The new S3 guideline “Diagnosis, therapy and follow-up of penile carcinoma” aims to improve the quality of care for affected patients. The focus is on organ preservation.
According to the WHO classification, squamous cell carcinoma of the penis is divided into histological subtypes – the non-HPV-associated and the HPV-associated squamous cell carcinomas (Table 1). The common squamous cell carcinoma predominates with 41%, followed by the basaloid penile carcinoma (7%) and the warty subtype with 5%. The macroscopic growth forms largely determine the prognosis. The superficial spreading type, for example, has a rather good prognosis in contrast to the deeply invasive penile carcinoma.
HPV status as a marker for therapy management
Currently, there are no molecular biological markers that can be recommended for routine diagnosis of penile carcinoma. Nevertheless, the pathological findings should include a statement as to whether the disease is HPV-associated or not. This could provide additional decision support for the tumor board, as patients with differential HPV status respond differently to chemotherapeutic agents or checkpoint inhibitors. However, primary oncogenesis factors can currently be distinguished. The development of therapeutic HPV vaccines may provide an additional therapeutic option in the future. These generate cell-mediated, HLA-restricted matched T-cell immunity that destroys HPV-infected cells via cytotoxic lymphocytes.

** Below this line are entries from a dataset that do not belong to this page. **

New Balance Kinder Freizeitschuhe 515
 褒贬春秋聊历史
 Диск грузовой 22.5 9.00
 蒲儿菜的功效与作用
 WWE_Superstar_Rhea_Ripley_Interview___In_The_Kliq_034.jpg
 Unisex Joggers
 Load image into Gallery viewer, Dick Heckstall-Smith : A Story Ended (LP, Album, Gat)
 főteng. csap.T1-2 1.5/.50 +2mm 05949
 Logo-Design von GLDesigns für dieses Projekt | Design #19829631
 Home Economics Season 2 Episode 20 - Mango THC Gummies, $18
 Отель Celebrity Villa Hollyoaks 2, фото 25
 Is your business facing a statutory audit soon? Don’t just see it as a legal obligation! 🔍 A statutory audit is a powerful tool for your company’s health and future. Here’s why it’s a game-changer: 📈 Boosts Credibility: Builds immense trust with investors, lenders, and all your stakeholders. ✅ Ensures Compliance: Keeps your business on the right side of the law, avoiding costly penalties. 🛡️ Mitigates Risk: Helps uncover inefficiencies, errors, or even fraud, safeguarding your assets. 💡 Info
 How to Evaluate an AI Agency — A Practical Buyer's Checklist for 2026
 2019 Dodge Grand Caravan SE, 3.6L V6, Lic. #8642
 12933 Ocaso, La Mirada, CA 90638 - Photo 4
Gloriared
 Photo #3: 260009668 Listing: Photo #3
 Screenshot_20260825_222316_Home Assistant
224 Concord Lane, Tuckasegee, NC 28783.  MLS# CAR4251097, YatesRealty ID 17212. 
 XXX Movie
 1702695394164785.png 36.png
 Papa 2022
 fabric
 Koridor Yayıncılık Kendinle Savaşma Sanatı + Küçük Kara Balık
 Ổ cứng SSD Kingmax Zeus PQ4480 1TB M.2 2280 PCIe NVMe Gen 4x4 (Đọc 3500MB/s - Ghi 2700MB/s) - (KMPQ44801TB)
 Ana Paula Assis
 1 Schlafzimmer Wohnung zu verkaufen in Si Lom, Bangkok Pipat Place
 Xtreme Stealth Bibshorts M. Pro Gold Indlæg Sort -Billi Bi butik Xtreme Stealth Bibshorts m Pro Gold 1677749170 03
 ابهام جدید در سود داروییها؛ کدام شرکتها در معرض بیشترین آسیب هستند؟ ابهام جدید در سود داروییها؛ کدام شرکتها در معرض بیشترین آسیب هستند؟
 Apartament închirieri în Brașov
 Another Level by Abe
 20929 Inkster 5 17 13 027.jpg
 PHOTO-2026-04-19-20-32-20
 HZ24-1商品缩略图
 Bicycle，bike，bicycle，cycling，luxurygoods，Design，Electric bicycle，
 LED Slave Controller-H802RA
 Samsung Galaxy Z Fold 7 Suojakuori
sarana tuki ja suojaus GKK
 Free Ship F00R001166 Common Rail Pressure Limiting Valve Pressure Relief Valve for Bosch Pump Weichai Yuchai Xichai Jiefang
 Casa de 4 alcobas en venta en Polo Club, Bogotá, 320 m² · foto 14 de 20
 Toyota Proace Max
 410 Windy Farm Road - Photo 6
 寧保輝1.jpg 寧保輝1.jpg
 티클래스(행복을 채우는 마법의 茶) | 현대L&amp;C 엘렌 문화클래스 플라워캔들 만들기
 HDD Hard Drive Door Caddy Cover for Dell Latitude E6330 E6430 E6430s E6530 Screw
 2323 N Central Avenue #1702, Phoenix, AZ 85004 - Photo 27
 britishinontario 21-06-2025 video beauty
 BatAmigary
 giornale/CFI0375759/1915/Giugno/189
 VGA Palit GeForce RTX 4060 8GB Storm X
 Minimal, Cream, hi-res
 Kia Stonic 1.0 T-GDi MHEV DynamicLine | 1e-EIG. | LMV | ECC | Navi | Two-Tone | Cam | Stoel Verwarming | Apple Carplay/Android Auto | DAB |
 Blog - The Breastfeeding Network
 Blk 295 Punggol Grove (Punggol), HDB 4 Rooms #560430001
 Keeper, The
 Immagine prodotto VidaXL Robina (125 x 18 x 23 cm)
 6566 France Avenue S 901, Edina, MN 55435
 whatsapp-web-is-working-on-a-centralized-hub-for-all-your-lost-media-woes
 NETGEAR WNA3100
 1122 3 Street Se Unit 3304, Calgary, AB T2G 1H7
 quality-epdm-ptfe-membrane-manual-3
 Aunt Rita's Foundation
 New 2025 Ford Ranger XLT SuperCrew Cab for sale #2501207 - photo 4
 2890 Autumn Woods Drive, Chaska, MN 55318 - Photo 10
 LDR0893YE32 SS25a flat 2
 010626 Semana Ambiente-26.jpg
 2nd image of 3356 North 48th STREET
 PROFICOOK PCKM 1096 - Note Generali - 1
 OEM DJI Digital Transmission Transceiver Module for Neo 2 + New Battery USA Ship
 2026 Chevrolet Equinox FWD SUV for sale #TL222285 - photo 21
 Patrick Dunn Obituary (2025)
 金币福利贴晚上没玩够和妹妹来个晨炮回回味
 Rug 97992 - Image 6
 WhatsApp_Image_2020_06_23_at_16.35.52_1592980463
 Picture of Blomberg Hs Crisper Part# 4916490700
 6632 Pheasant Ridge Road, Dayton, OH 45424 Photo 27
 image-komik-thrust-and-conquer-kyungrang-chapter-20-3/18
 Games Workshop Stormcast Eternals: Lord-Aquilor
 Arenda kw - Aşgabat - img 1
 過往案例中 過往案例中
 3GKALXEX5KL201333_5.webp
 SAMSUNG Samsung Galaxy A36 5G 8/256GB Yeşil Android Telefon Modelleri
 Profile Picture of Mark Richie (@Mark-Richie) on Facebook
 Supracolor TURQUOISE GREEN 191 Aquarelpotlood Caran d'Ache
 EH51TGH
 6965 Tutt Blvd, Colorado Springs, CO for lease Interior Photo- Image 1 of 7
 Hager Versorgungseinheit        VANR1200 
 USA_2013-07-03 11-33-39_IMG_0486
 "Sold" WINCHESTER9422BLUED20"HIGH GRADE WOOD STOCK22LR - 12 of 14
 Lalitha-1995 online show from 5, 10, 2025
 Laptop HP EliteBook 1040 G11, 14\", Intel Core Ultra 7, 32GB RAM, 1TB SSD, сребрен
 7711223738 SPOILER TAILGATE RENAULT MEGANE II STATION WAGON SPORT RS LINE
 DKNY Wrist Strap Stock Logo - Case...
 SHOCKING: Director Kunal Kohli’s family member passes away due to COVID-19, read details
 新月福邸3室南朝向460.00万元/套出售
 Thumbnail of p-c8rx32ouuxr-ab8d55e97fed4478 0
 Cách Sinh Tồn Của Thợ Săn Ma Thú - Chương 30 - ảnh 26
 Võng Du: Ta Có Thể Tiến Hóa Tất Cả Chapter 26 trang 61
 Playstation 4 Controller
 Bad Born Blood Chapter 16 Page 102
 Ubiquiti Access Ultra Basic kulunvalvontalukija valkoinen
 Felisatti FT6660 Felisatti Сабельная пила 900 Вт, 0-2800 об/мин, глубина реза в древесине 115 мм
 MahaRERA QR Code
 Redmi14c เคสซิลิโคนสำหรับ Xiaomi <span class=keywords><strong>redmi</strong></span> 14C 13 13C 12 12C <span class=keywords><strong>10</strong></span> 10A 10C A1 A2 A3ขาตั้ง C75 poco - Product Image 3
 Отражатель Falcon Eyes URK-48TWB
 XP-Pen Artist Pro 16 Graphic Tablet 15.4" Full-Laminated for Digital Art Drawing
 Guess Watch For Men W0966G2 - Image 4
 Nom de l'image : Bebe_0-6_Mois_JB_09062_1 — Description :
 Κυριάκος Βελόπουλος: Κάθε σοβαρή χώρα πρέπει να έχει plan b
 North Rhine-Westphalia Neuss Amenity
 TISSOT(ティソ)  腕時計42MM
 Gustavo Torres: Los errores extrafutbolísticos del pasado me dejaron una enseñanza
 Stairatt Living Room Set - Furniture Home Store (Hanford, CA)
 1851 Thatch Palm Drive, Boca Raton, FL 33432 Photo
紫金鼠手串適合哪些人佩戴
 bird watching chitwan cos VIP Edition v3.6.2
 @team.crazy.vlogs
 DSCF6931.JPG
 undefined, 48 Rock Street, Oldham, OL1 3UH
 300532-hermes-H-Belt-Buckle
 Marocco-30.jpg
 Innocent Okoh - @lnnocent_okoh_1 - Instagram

Primary goal: organ preservation
Treatment should focus primarily on organ preservation, depending on the stage and degree of differentiation. This is because it has been proven that mutilating procedures on the external genium result in significant psychological and psycho-oncological problems. Especially in younger patients, this can lead to significant social and occupational limitations. The key to organ preservation is a tumor-free incision margin. In the meantime, however, it can be assumed that a safety distance of approx. 1 mm is sufficient to achieve this.
Radiotherapy for small tumors
A real alternative to surgery is radiation therapy – especially for small tumors. The guideline recommends local radiotherapy for T1 and T2 tumors. Especially with regard to organ preservation, brachytherapy is an adequate option for tumors ≤4 cm. However, this should only be done in experienced centers and analogous to the published guidelines. However, patients should be educated about the low local control compared with surgical therapy. The use as adjuvant therapy, on the other hand, has not yet been sufficiently investigated in studies, so that no general recommendation can be made. And even in palliative use, no definitive statements can be made. The S3 guideline for patients with noncurable cancer recommends that the indication for local radiation therapy in malignant wounds to reduce the risk of bleeding, exudation, or to reduce disfiguring or difficult-to-care-for tumor manifestations and to reduce edema should be considered.
Source: 71st Congress of the German Society of Urology (DGU)
InFo ONCOLOGY & HEMATOLOGY 2019; 7(5): 31 (published 10/16/19, ahead of print).